US district judge finds bankruptcy provision violates attorney speech rights

[JURIST] The US District Court for Connecticut [official website] has blocked enforcement of a new provision [text] of the US Bankruptcy Code against attorneys seeking to advise clients about taking on additional debt. District Judge Christopher Droney [official profile] issued a preliminary injunction Tuesday, ruling that the statute was so broad as to unconstitutionally restrict attorneys' First Amendment rights. The provision prohibits debt-relief agencies from advising clients "to incur more debt in contemplation of ... filing a case" under the Bankruptcy Code. AP quoted Droney as writing,

If the government seeks to prevent manipulation of the bankruptcy system, a more narrowly tailored approach would be to penalize those who take on certain types of debts.
The lawsuit was filed [JURIST report] in 2006 by the National Association of Consumer Bankruptcy Attorneys (NACBA) and the Connecticut Bar Association [professional association websites].

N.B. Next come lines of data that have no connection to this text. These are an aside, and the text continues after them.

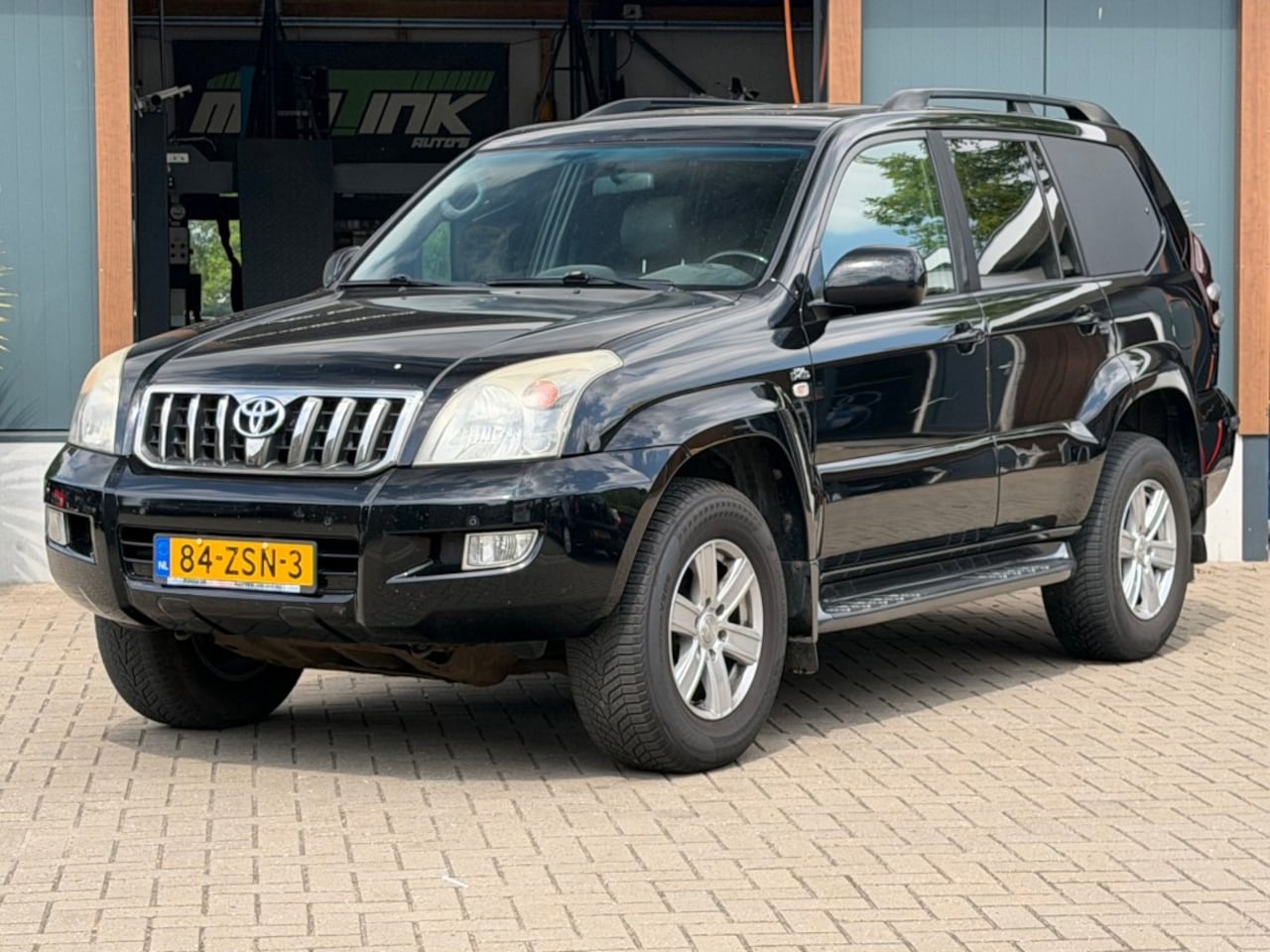 Toyota Land Cruiser - 3.0 D-4D VX 5 persoon geel kenteken! - AutoWereld.nl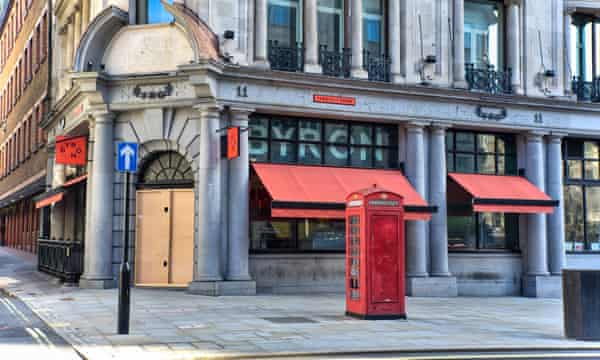 ‘It’s not about big brands’: how will UK casual dining fare after Covid? | Hospitality industry 2 Byron restaurant with its door boarded up in London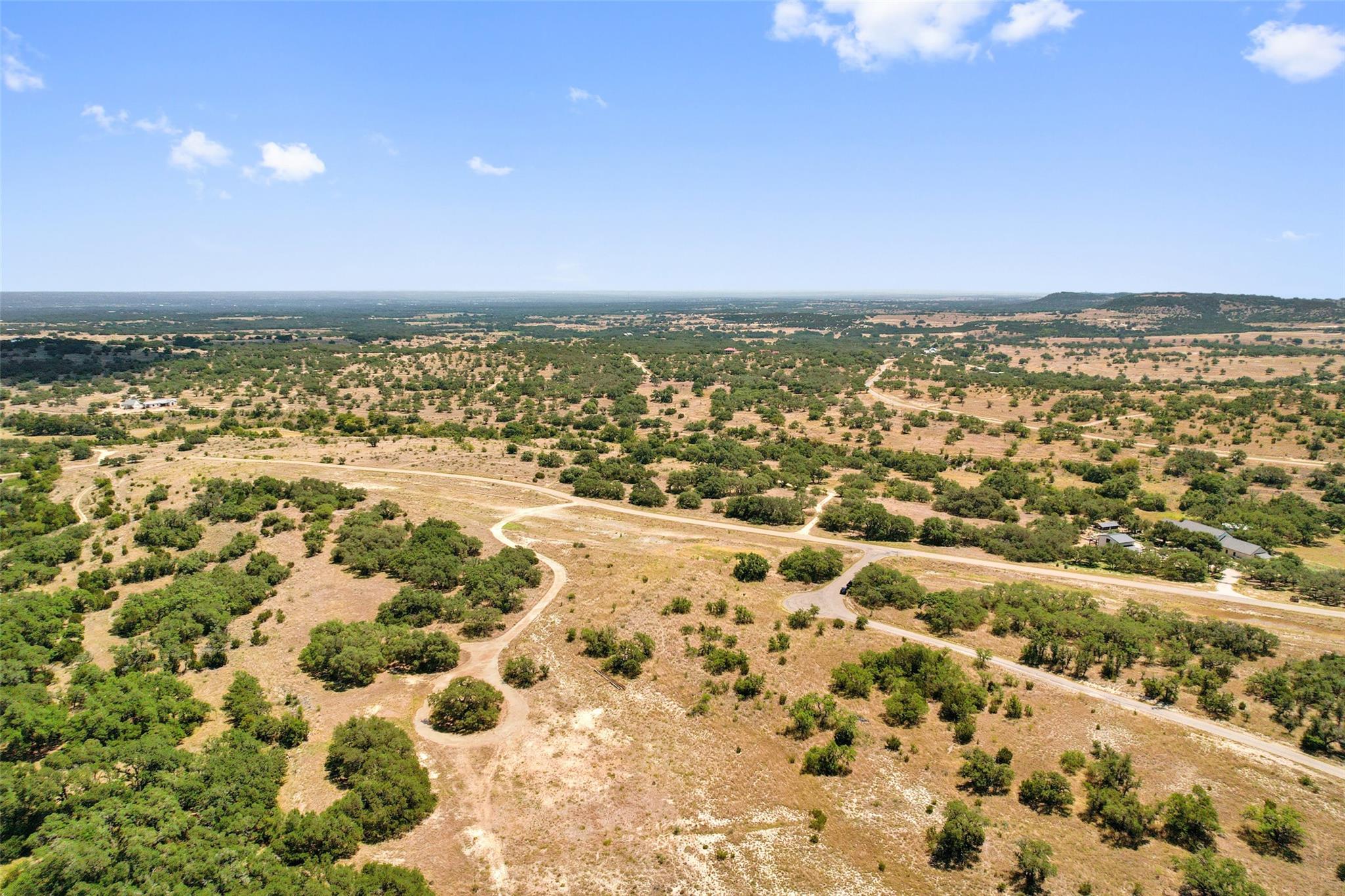 Image 15 of 38 For 140 Lantana Dr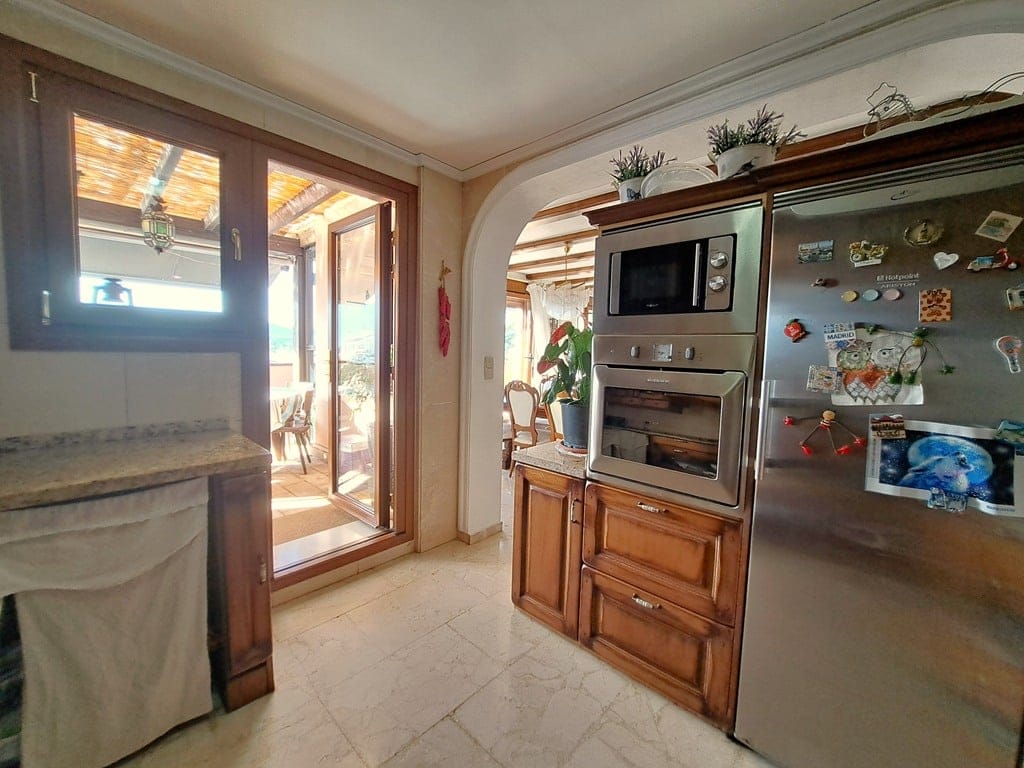 Penthouse with a large terrace and pool for sale in Dénia beach. - Foto 15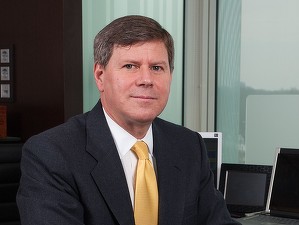James Stewart pleacă din conducerea Raiffeisen Bank România după 21 de ani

Droney's ruling follows a similar decision [opinion, PDF; Reuters report] handed down Thursday by the US Court of Appeals for the Eighth Circuit [official website; JURIST news archive]. Ruling that attorneys are "debt relief agencies" as defined by the Bankruptcy Code, the St. Louis-based court held that the challenged provision was not sufficiently tailored because it could restrict legal advice regarding debt that "may not be abusive or harmful to creditors." The provision was part of the Bankruptcy Abuse Prevention and Consumer Protection Act of 2005 [text], which made filing for bankruptcy more difficult by requiring credit counseling and mandating above-average earners to file under the restrictive Chapter 13 [text]. The NACBA has criticized the new law [JURIST report] as doing little to stop abuses of the bankruptcy system and placing unnecessary hurdles in front of people with legitimate reasons to file for bankruptcy.